Tuesday, 30 June 2015

A Clinical Negligence Solicitor Writes....

 In response to my blog on reducing costs in clinical negligence cases I have received this (in my view brilliant) insight into the frustrations of conducting clinical negligence cases for claimants. It comes from a solicitor who wishes to remain anonymous. 

He writes:

Your blog entry about saving money in clinical negligence claims struck a number of my nerves, it will possibly surprise many that even Claimant lawyers rail against the waste of public funds. There is no benefit to anyone in stringing out these cases, the real saving in costs would be to deal with them properly, from both sides. Costs squandered by inefficiency and pointless dispute in cases which ought to proceed quickly and co-operatively are painfully obvious to anyone in this field, and much of the frustration must, I would suggest, be aimed at NHSLA. Were I in charge of the asylum, the following concepts would be first on my list:

1.       Duty of candour - remember that? Nobody seems to. It's in the current pre-action protocol. Medical professionals who have made a mistake are supposed to come clean about it. 

Many of my clients, probably more than 10%, tell me the reason they are at my door at all is that a subsequent doctor, or more often a nurse, has had a quiet word and sent them to see us.

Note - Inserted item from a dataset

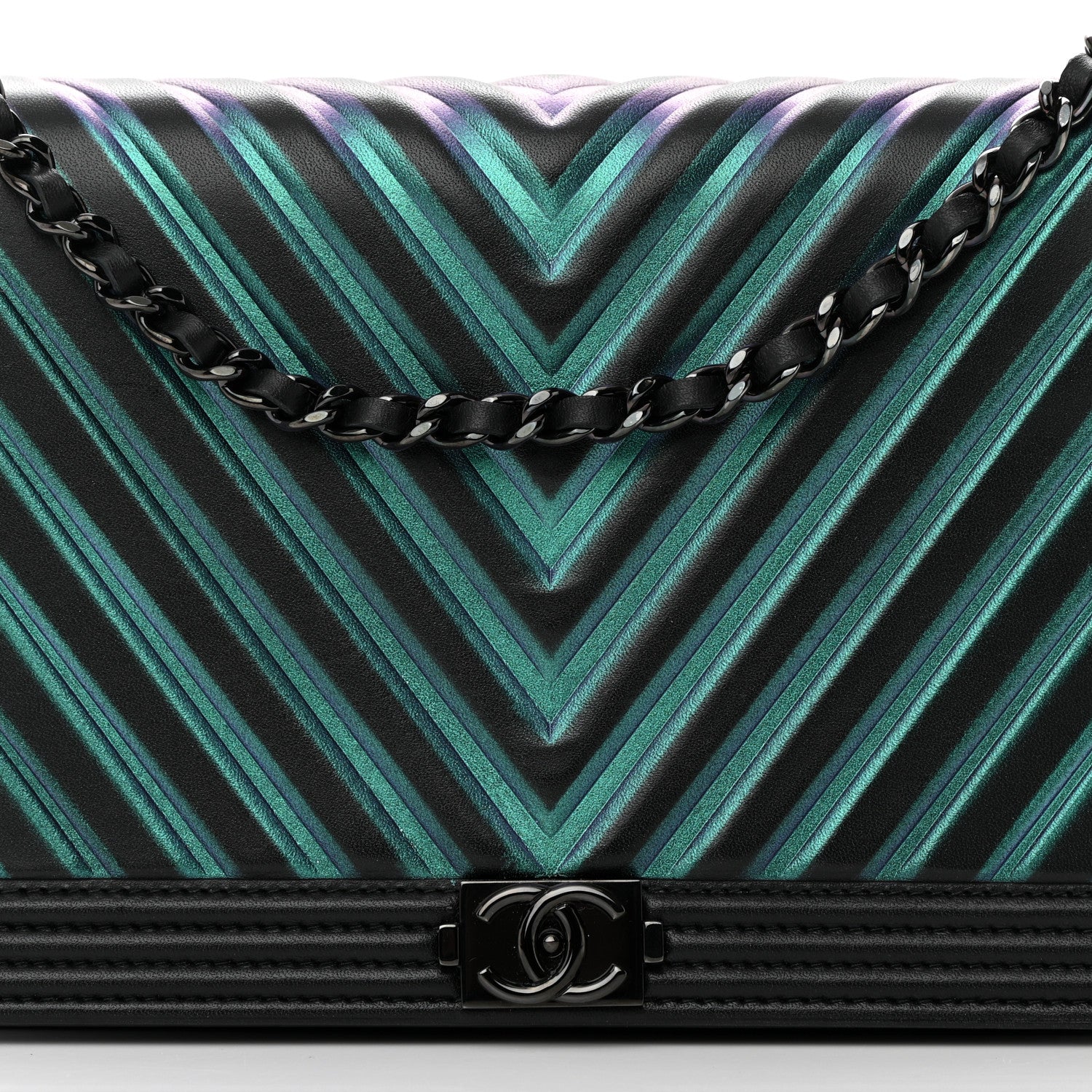 Chanel Calfskin Painted Chevron Embossed Boy Wallet On Chain WOC Black 9 of 15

This is usually a decent interval after the event, months or more, and the effect is to create anger where none existed. There is a percentage of claimants who would truly not have made a claim, at all, had the treating doctor been frank about the situation at the time. Moreover, cases are tough enough on causation that admitting errors would probably not change a great deal anyway, Claimants cannot create harm that don't actually exist, no matter how many apologies a patient receives. With that in mind, someone should take a proper look at the PALS responses that patients receive. Some of those are so convoluted and patronising that they literally drive the patient to my door. I appreciate the referrals, but you could avoid it quite easily. Never underestimate the determination of some claimants if they feel that something is being hidden from them. This is particularly true of the parents of deceased children, there is nothing more likely to cause litigation than the perception that someone is trying to hide the truth of what happened. Such parents don't want the money, they want to know why. Once they know why, they are so far into the case that they can't get out, there is a bill to pay.

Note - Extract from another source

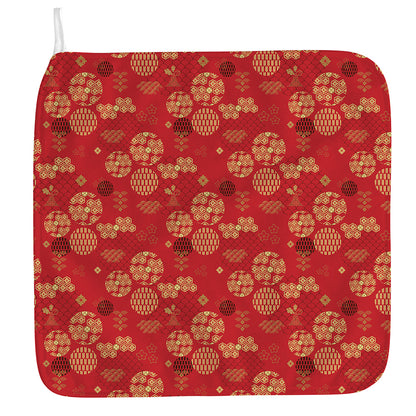 Red Japanese Pattern Print Hand Towel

2.       The new pre-action protocol and NHSLA mediation concept look like a perfect match, but just try getting someone to actually engage. I sent an exploratory half dozen LONs shortly after the revised protocol appeared, and so far we have had just one acknowledged, at all. We suggest ADR in many cases, because it could have a real place and function in these cases, engaging in constructive discussion would be a tremendous short-cut through some of the nonsense. The sole take-up for mediation in the past 6 months came on a case in which NHSLA suggested it having just wholly denied the claim. Days later they then admitted breach and causation. Meaning they didn't mean to deny it when they denied it. So why do it? Can you imagine the trouble Claimants would get into were that position reversed? The move to cut out some of the investigative costs by getting an early letter to the Defendant is very appealing, I don't want to fund medical reports if there is going to be an admission on a point. There is, however, one requirement, and that is for someone to answer the letter you send. At present, sending a LON seems to be getting us as far as opening an window and screaming random medical terms into the night.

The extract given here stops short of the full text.